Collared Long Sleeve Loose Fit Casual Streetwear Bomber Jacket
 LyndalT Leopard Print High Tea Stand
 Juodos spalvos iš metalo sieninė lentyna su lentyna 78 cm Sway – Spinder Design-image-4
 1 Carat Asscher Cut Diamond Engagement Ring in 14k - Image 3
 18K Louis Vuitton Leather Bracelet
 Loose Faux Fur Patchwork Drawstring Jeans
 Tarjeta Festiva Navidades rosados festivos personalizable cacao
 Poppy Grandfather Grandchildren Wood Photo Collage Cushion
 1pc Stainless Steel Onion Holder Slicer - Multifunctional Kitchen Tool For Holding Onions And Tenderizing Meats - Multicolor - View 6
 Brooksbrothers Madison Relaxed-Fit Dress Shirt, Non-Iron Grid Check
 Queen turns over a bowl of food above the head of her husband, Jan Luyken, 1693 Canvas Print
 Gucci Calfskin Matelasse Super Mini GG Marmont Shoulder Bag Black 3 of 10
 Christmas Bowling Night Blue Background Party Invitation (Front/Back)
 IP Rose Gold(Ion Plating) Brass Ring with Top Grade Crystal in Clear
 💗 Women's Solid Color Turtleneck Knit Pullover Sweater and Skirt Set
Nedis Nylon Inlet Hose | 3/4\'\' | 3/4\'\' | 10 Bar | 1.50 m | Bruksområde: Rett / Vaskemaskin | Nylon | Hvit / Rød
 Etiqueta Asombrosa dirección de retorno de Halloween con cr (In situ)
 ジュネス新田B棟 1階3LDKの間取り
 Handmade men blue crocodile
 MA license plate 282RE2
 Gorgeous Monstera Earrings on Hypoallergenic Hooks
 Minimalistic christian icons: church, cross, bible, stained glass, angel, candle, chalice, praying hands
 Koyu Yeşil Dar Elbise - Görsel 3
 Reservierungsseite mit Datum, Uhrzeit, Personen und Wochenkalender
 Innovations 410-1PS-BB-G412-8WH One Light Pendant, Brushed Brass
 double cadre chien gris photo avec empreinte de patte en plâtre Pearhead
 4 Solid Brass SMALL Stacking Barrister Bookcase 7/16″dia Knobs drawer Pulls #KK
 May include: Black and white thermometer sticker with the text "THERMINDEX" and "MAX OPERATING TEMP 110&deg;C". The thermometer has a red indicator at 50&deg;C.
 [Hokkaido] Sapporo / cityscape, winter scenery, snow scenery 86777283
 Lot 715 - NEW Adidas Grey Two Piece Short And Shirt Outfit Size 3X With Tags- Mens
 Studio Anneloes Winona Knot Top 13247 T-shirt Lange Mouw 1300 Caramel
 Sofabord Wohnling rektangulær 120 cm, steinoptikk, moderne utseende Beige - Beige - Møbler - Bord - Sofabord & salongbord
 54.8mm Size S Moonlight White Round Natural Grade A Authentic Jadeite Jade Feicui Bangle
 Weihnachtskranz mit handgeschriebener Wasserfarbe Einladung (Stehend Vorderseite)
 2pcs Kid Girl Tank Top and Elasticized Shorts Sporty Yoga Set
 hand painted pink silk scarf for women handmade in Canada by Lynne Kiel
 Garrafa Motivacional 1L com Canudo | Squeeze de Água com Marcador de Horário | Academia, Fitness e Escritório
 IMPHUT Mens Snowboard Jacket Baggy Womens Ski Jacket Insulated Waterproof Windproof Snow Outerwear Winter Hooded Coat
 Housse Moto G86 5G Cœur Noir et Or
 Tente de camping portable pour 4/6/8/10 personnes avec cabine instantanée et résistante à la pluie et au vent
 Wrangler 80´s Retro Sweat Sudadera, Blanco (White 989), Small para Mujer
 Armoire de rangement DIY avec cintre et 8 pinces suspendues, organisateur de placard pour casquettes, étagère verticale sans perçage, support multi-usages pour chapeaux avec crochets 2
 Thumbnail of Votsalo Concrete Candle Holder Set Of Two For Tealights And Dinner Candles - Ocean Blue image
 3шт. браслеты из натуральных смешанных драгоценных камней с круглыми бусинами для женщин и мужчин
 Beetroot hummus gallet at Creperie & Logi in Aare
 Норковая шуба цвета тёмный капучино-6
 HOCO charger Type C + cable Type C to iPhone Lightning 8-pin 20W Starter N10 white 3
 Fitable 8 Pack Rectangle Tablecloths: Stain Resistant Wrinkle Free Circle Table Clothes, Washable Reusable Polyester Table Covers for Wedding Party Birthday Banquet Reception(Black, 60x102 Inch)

[EXERCISE]:
Verbatim and in full, return the listing above.

[RESULT OF THE TASK]:
Collared Long Sleeve Loose Fit Casual Streetwear Bomber Jacket
 LyndalT Leopard Print High Tea Stand
 Juodos spalvos iš metalo sieninė lentyna su lentyna 78 cm Sway – Spinder Design-image-4
 1 Carat Asscher Cut Diamond Engagement Ring in 14k - Image 3
 18K Louis Vuitton Leather Bracelet
 Loose Faux Fur Patchwork Drawstring Jeans
 Tarjeta Festiva Navidades rosados festivos personalizable cacao
 Poppy Grandfather Grandchildren Wood Photo Collage Cushion
 1pc Stainless Steel Onion Holder Slicer - Multifunctional Kitchen Tool For Holding Onions And Tenderizing Meats - Multicolor - View 6
 Brooksbrothers Madison Relaxed-Fit Dress Shirt, Non-Iron Grid Check
 Queen turns over a bowl of food above the head of her husband, Jan Luyken, 1693 Canvas Print
 Gucci Calfskin Matelasse Super Mini GG Marmont Shoulder Bag Black 3 of 10
 Christmas Bowling Night Blue Background Party Invitation (Front/Back)
 IP Rose Gold(Ion Plating) Brass Ring with Top Grade Crystal in Clear
 💗 Women's Solid Color Turtleneck Knit Pullover Sweater and Skirt Set
Nedis Nylon Inlet Hose | 3/4\'\' | 3/4\'\' | 10 Bar | 1.50 m | Bruksområde: Rett / Vaskemaskin | Nylon | Hvit / Rød
 Etiqueta Asombrosa dirección de retorno de Halloween con cr (In situ)
 ジュネス新田B棟 1階3LDKの間取り
 Handmade men blue crocodile
 MA license plate 282RE2
 Gorgeous Monstera Earrings on Hypoallergenic Hooks
 Minimalistic christian icons: church, cross, bible, stained glass, angel, candle, chalice, praying hands
 Koyu Yeşil Dar Elbise - Görsel 3
 Reservierungsseite mit Datum, Uhrzeit, Personen und Wochenkalender
 Innovations 410-1PS-BB-G412-8WH One Light Pendant, Brushed Brass
 double cadre chien gris photo avec empreinte de patte en plâtre Pearhead
 4 Solid Brass SMALL Stacking Barrister Bookcase 7/16″dia Knobs drawer Pulls #KK
 May include: Black and white thermometer sticker with the text "THERMINDEX" and "MAX OPERATING TEMP 110&deg;C". The thermometer has a red indicator at 50&deg;C.
 [Hokkaido] Sapporo / cityscape, winter scenery, snow scenery 86777283
 Lot 715 - NEW Adidas Grey Two Piece Short And Shirt Outfit Size 3X With Tags- Mens
 Studio Anneloes Winona Knot Top 13247 T-shirt Lange Mouw 1300 Caramel
 Sofabord Wohnling rektangulær 120 cm, steinoptikk, moderne utseende Beige - Beige - Møbler - Bord - Sofabord & salongbord
 54.8mm Size S Moonlight White Round Natural Grade A Authentic Jadeite Jade Feicui Bangle
 Weihnachtskranz mit handgeschriebener Wasserfarbe Einladung (Stehend Vorderseite)
 2pcs Kid Girl Tank Top and Elasticized Shorts Sporty Yoga Set
 hand painted pink silk scarf for women handmade in Canada by Lynne Kiel
 Garrafa Motivacional 1L com Canudo | Squeeze de Água com Marcador de Horário | Academia, Fitness e Escritório
 IMPHUT Mens Snowboard Jacket Baggy Womens Ski Jacket Insulated Waterproof Windproof Snow Outerwear Winter Hooded Coat
 Housse Moto G86 5G Cœur Noir et Or
 Tente de camping portable pour 4/6/8/10 personnes avec cabine instantanée et résistante à la pluie et au vent
 Wrangler 80´s Retro Sweat Sudadera, Blanco (White 989), Small para Mujer
 Armoire de rangement DIY avec cintre et 8 pinces suspendues, organisateur de placard pour casquettes, étagère verticale sans perçage, support multi-usages pour chapeaux avec crochets 2
 Thumbnail of Votsalo Concrete Candle Holder Set Of Two For Tealights And Dinner Candles - Ocean Blue image
 3шт. браслеты из натуральных смешанных драгоценных камней с круглыми бусинами для женщин и мужчин
 Beetroot hummus gallet at Creperie & Logi in Aare
 Норковая шуба цвета тёмный капучино-6
 HOCO charger Type C + cable Type C to iPhone Lightning 8-pin 20W Starter N10 white 3
 Fitable 8 Pack Rectangle Tablecloths: Stain Resistant Wrinkle Free Circle Table Clothes, Washable Reusable Polyester Table Covers for Wedding Party Birthday Banquet Reception(Black, 60x102 Inch)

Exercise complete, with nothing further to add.